L'Homme Machine

Un article de Wikipédia, l'encyclopédie libre.

Page de titre de l'édition originale.

L'Homme Machine est un ouvrage du médecin-philosophe libertin Julien Offray de La Mettrie (1709-1751) paru en 1748 à Leyde[1].

Inspiré par le concept d'"animal-machine" formulé un siècle plus tôt par René Descartes dans son Discours de la Méthode, La Mettrie s'inscrit ici dans le mécanisme, courant philosophique qui aborde l'ensemble des phénomènes physiques suivant le modèle des liens de cause à effet (déterminisme) et plus largement une éthique radicalement matérialiste[2].

C'est par ce livre qu'il s'est fait connaître dans l’histoire de la philosophie, ne serait-ce que par son titre évocateur.

Un scientifique plus qu'un philosophe[modifier | modifier le code]

Dessin anatomique (1573) décrivant la morphologie du cerveau.
Dessin anatomique (1662) décrivant le système nerveux.

La Mettrie se montre particulièrement attentif aux recherches sur le système nerveux.

Rappelons que les toutes premières grandes découvertes en neurologie datent du milieu du XVIe siècle, en 1543 exactement, quand André Vésale a publié son De humani corporis fabrica.
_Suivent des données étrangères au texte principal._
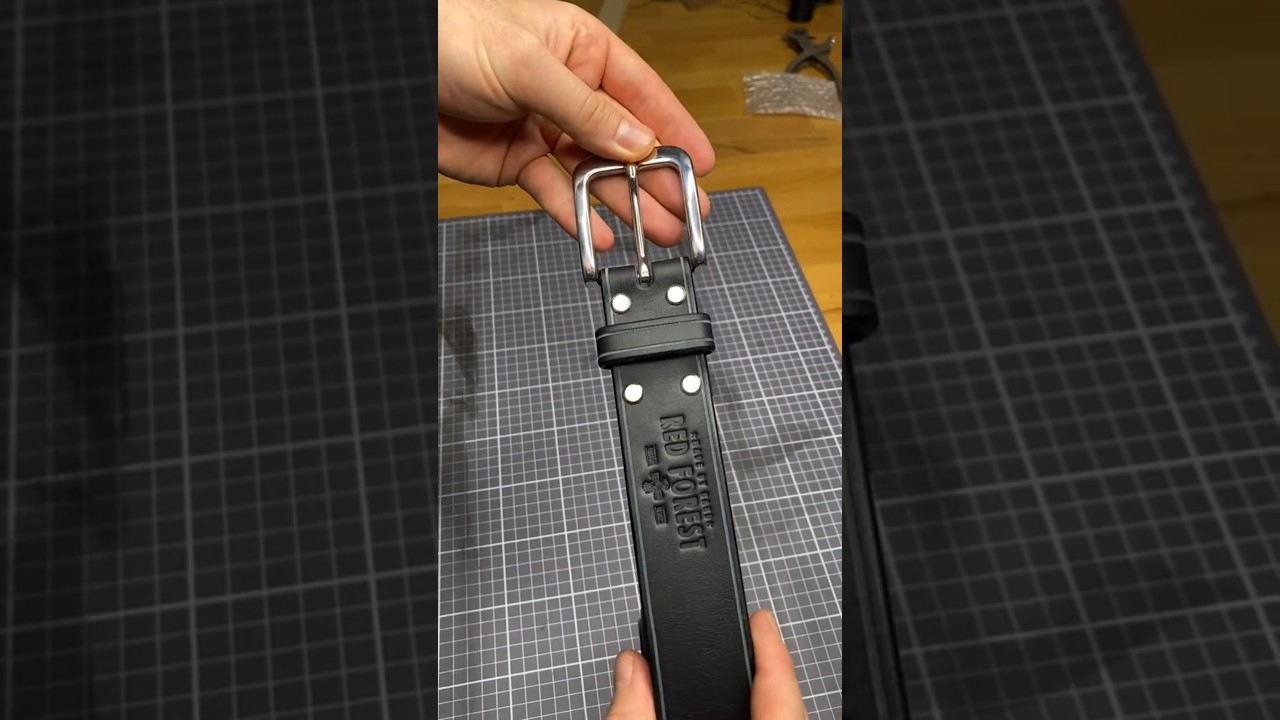 Leather belt making process 🙀 #fypシ゚viral #yiutubeshort #art #craft# leather craft #viralshorts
Ce livre était illustré d'images montrant de façon détaillée les ventricules, les nerfs crâniens, l'hypophyse, les méninges, les vaisseaux du cerveau et de la moelle épinière et les nerfs périphériques. En 1573, Costanzo Varolio, professeur d'anatomie à Bologne, a fait une présentation détaillée de la structure du cerveau. Et à la fin du siècle, un autre anatomiste italien, Bartolomeo Eustachi, a réalisé toute une série de gravures décrivant avec précision le système nerveux. Or ses dessins ne seront vraiment découverts qu’au XVIIIe siècle, celui de La Mettrie.

Les observations en neurologie se sont approfondies au XVIIe siècle. En 1664, notamment, l'Anglais Thomas Willis a publié son Anatomie du cerveau et en 1676, sa Pathologie cérébrale a permis de poser les fondations de la neuropathologie.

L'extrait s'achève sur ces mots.